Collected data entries
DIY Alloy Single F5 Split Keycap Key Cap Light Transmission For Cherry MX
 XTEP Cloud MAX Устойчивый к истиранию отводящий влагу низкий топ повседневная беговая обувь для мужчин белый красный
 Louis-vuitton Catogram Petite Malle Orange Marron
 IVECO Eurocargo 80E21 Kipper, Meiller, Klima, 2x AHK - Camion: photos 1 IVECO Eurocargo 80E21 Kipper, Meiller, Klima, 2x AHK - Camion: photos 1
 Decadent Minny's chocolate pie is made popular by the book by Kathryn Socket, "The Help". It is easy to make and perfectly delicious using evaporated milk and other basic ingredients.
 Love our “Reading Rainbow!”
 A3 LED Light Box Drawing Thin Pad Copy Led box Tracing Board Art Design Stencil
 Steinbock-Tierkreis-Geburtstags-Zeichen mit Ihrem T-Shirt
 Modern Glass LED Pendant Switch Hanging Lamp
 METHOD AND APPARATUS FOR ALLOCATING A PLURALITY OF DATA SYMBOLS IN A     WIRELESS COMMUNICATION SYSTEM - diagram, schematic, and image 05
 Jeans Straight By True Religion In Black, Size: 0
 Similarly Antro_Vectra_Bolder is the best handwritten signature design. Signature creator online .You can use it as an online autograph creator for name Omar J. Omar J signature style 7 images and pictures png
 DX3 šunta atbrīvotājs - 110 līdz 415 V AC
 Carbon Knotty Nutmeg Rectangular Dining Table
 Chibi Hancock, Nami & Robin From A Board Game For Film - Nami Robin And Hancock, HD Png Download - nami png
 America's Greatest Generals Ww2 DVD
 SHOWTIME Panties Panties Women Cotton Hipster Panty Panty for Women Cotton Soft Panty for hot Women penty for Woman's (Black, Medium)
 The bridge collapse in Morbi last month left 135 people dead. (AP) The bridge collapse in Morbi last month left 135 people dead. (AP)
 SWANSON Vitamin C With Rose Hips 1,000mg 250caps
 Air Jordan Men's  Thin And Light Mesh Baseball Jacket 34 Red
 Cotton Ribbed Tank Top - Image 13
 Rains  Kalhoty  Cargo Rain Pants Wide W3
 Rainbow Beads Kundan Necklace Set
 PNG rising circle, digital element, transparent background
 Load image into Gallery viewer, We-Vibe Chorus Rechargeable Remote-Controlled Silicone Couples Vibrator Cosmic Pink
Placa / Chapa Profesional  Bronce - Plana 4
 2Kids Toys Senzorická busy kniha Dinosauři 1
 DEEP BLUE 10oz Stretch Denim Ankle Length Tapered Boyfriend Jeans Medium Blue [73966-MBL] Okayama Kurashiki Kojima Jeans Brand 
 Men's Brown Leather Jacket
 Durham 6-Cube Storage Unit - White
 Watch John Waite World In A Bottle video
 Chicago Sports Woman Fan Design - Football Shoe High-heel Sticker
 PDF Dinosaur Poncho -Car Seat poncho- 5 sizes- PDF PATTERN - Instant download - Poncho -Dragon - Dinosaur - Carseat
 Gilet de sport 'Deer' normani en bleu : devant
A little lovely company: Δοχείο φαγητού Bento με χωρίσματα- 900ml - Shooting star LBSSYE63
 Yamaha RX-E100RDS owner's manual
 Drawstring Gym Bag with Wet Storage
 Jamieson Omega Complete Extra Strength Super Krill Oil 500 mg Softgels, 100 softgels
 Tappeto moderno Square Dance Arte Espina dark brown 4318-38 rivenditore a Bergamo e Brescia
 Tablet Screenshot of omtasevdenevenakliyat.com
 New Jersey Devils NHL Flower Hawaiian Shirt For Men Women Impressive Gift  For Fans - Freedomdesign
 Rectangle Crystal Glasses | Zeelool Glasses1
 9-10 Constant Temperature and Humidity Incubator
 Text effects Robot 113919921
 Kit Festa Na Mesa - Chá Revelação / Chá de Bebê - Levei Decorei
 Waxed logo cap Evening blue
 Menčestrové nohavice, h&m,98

## [Work instructions]
Give back, word for word, the lines from the one with "Tablet Screenshot of" through the last line of the entries, both included, and no other line.

## [Reply]
 Tablet Screenshot of omtasevdenevenakliyat.com
 New Jersey Devils NHL Flower Hawaiian Shirt For Men Women Impressive Gift  For Fans - Freedomdesign
 Rectangle Crystal Glasses | Zeelool Glasses1
 9-10 Constant Temperature and Humidity Incubator
 Text effects Robot 113919921
 Kit Festa Na Mesa - Chá Revelação / Chá de Bebê - Levei Decorei
 Waxed logo cap Evening blue
 Menčestrové nohavice, h&m,98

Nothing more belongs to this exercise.